(INFORMATION GIVEN):
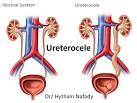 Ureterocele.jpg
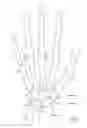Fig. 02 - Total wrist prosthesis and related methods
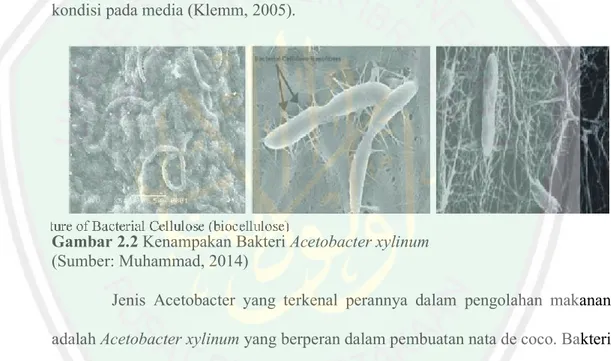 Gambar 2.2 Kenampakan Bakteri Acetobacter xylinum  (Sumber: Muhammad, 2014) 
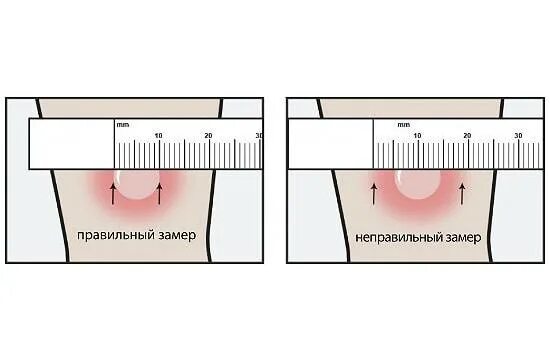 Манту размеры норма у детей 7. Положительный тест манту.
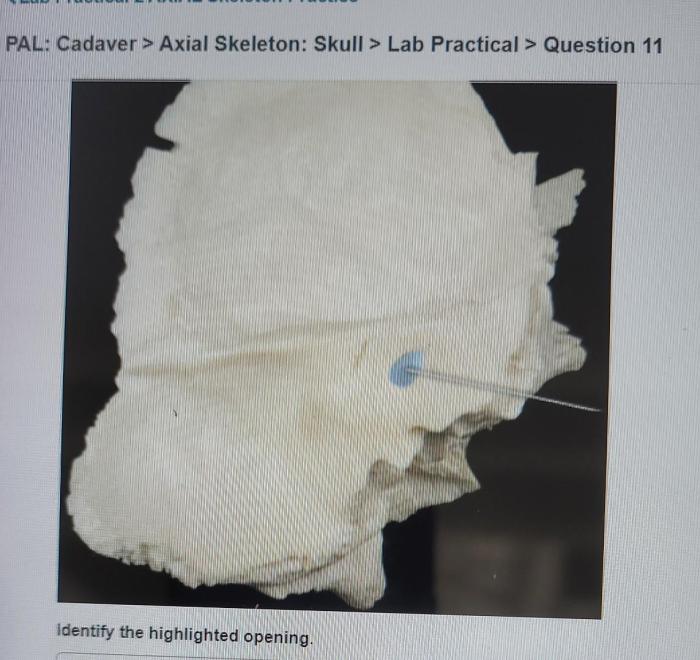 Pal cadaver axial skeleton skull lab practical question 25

(ACTIVITY): Output the records verbatim, every one of them, and keep the pictures out.

(RESULT):
 Ureterocele.jpg
Fig. 02 - Total wrist prosthesis and related methods
 Gambar 2.2 Kenampakan Bakteri Acetobacter xylinum  (Sumber: Muhammad, 2014) 
 Манту размеры норма у детей 7. Положительный тест манту.
 Pal cadaver axial skeleton skull lab practical question 25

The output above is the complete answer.